▶ _Instructions to follow_
Give the data below again, word for word.

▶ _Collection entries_

---

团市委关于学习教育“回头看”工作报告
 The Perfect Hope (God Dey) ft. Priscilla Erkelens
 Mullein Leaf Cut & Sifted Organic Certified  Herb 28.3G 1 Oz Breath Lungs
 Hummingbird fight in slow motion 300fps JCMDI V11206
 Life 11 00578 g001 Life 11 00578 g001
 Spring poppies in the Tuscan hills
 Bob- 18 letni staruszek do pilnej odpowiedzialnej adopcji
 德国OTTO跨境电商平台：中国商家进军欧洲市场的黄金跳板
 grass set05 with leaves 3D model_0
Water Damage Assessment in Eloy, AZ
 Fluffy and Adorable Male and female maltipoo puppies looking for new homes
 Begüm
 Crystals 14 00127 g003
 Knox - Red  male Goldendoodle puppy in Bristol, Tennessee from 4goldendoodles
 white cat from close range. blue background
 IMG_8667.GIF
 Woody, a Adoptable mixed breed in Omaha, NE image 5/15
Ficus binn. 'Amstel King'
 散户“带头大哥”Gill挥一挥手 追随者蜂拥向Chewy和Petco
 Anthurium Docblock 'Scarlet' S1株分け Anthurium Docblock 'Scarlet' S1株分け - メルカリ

---

▶ _Result below_
团市委关于学习教育“回头看”工作报告
 The Perfect Hope (God Dey) ft. Priscilla Erkelens
 Mullein Leaf Cut & Sifted Organic Certified  Herb 28.3G 1 Oz Breath Lungs
 Hummingbird fight in slow motion 300fps JCMDI V11206
 Life 11 00578 g001 Life 11 00578 g001
 Spring poppies in the Tuscan hills
 Bob- 18 letni staruszek do pilnej odpowiedzialnej adopcji
 德国OTTO跨境电商平台：中国商家进军欧洲市场的黄金跳板
 grass set05 with leaves 3D model_0
Water Damage Assessment in Eloy, AZ
 Fluffy and Adorable Male and female maltipoo puppies looking for new homes
 Begüm
 Crystals 14 00127 g003
 Knox - Red  male Goldendoodle puppy in Bristol, Tennessee from 4goldendoodles
 white cat from close range. blue background
 IMG_8667.GIF
 Woody, a Adoptable mixed breed in Omaha, NE image 5/15
Ficus binn. 'Amstel King'
 散户“带头大哥”Gill挥一挥手 追随者蜂拥向Chewy和Petco
 Anthurium Docblock 'Scarlet' S1株分け Anthurium Docblock 'Scarlet' S1株分け - メルカリ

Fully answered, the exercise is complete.